Region left to pick up the slack after PCs closed Peel’s safe consumption site; replacement hub yet to open
(Government of Ontario)

Region left to pick up the slack after PCs closed Peel’s safe consumption site; replacement hub yet to open


In its first year of operation, Peel’s safe consumption site changed the lives of 250 people. Despite being next to a police station on Peel Centre Drive—which could potentially deter those who use drugs and historically have negative interactions with police—these individuals visited the location 960 times. 

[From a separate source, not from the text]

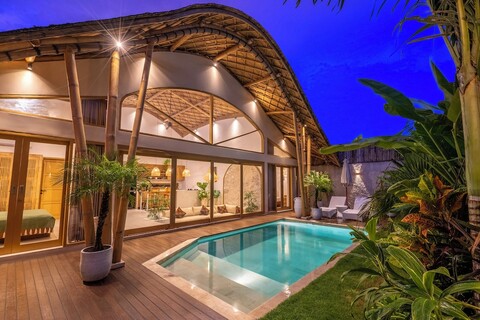 써니 파라다이스 빌라 바이 베터플레이스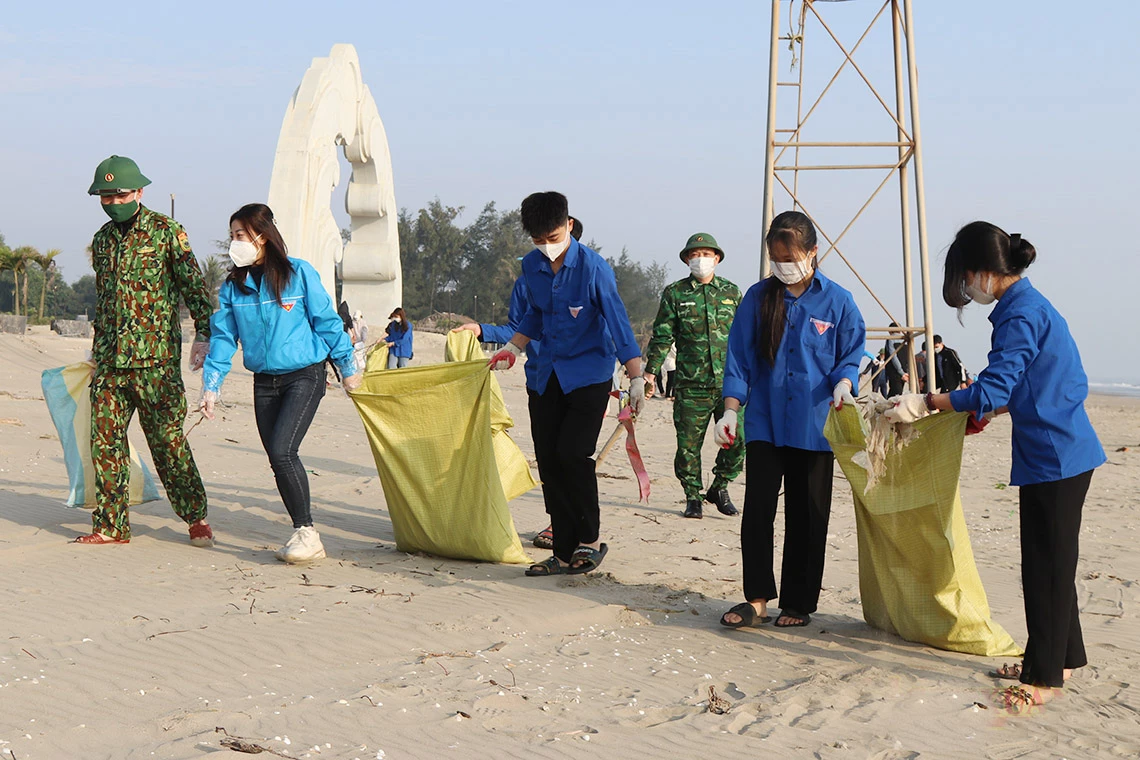 Đoàn viên thanh niên ở các xã bãi ngang và cán bộ, chiến sĩ Đồn Biên phòng Lạch Kèn thu gom rác thải, san lấp mặt bằng, vệ sinh toàn bộ Khu du lịch biển Xuân Thành.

They were offered a pathway to healing. 

Addiction treatment options were provided to help them fight back against a disease that for many had taken over their life. 

If they weren’t ready for that, they were offered a safe space to take their drugs in the presence of a professional who could save their life in case the street drugs they consumed were tainted with an unknown substance. 

“We had no security incidents, no police incidents, no sharps found in the vicinity of the site, and no complaints from our neighbours. In fact, Bramalea City Centre reported to us that while we were open, they had no more overdoses at the mall along with seeing a drastic reduction in drug related issues which took a significant burden off their own team,” the 2025 annual report from Moyo Community Health Services, the operator of the site, details. “Peel’s first supervised consumption site was able to show that services like this can be successful in not only providing safety to those who use the services, but also be a net benefit to the larger community in which these services are located through collaboration, communication and accountability.” 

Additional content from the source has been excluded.